■ EXERCISE INSTRUCTIONS
Each line of the material below is to be written out exactly. Leave out any picture.

--- DATASET CONTENT ---

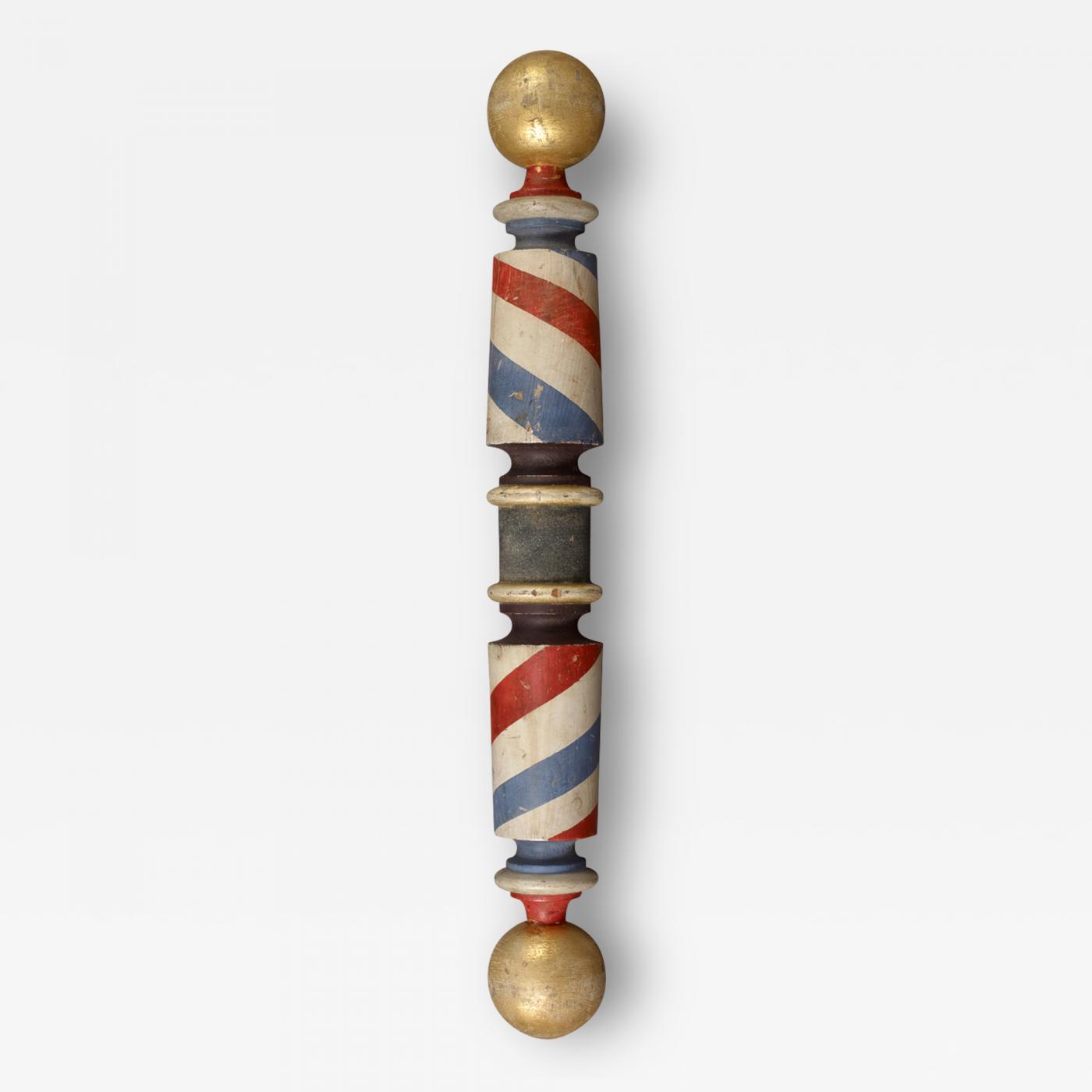Carved and Painted Barber Pole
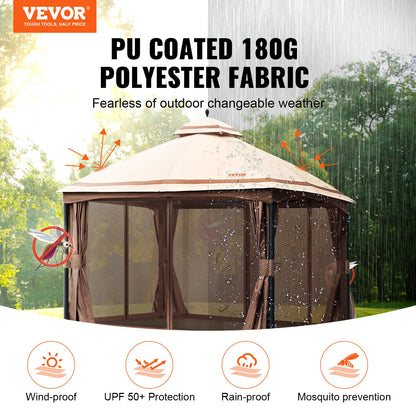 Patio Gazebo for 10-12 People, 10 x 13 FT Backyard Gazebo, with Mosquito Net, Metal Frame and PU Coated 180G Polyester, Outdoor Roof Cover for Patio, Backyard, Lawn, Garden, Deck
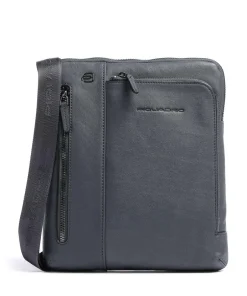 Piquadro Crossbody Bags-Black Square Crossbody bag grained leather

---

■ REPLY
Carved and Painted Barber Pole
 Patio Gazebo for 10-12 People, 10 x 13 FT Backyard Gazebo, with Mosquito Net, Metal Frame and PU Coated 180G Polyester, Outdoor Roof Cover for Patio, Backyard, Lawn, Garden, Deck
 Piquadro Crossbody Bags-Black Square Crossbody bag grained leather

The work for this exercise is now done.